連発するドラム・マシーン、シンセサイザー、そしてサンプリングでリスナーを歓迎するオープニング・トラックの「Head Like A Hole」は、レズナーの恐れ知らずのノイズ・ロッカーとしての資質を証明しているが、そのヴォーカルも同様に衝撃的だった。はっきりとしたメロディックで図々しくもキャッチーなコーラス(大胆な“きみに支配されるぐらいなら死んだほうがいい”と歌うリフレインで充満)は、ほぼ間違いなく初めてインダストリアル・ミュージックがチャートに登場する可能性を示していた。
『Pretty Hate Machine』はUSとUKでそれぞれ75位と67位にランクインしたが、USではプラチナ・ディスクを3枚獲得し、史上最も売れたインディーズ・アルバムの1枚となり、1990年3月にシングルとして「Head Like A Hole」がリリースされるとUKトップ50を突破した。
セカンド・シングル「Sin」はさらに成功を収め、UKでは35位にランクインされ、激しいエレクトロの一斉攻撃と複雑なリリックが特徴の音楽がダンス・ロック界に入り込む余地があることを証明した。
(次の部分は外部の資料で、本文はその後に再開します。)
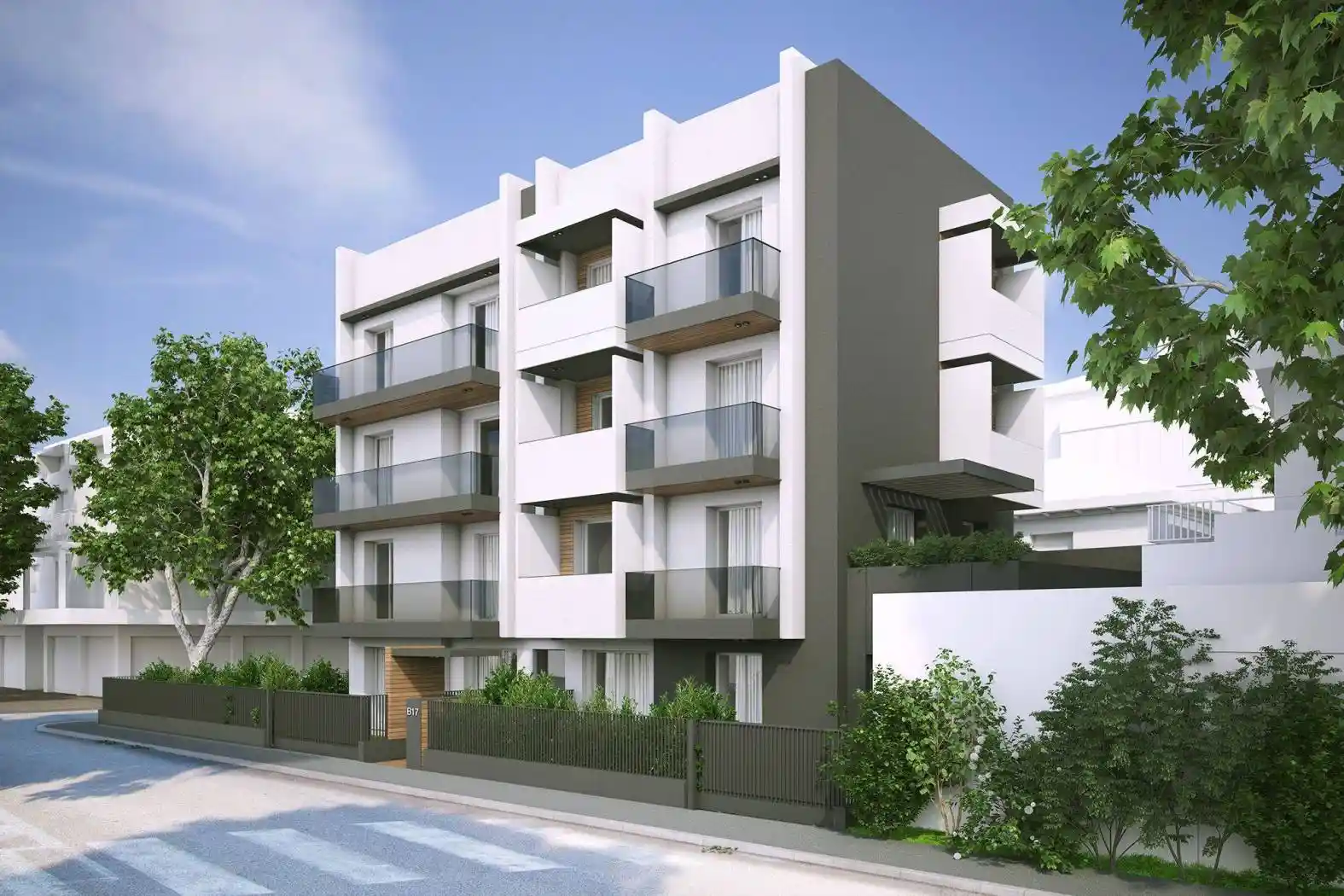 Appartamento in vendita a Riccione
「Something I Can Never Have」では冷然としたサウンドスケープへとテンポを緩め、「Sanctified」では病み付きになるループ・ベースラインでダンス・グルーブを作り出し、「Ringfinger」では大胆にもプリンスの「Alphabet St.」をサンプリングしている。
発言の声明として『Pretty Hate Machine』はそれ以上はっきりと何かを伝えることはできないだろう。新しく現れた指導者は、部外者的存在だったジャンルを主流へと詫びることも妥協することもなく押し進めて、揺るぎない殿堂が登場したのだ。
そしてジャンルを定義するサウンドの次作『The Downward Spiral』が発売になるまでファンたちは5年待つことになる。その間、レズナーを真似た多くのインダストリアル・メタル・バンドが現れたが、彼らは決してレズナーの音楽の純粋さと正直さに到達することはなかった。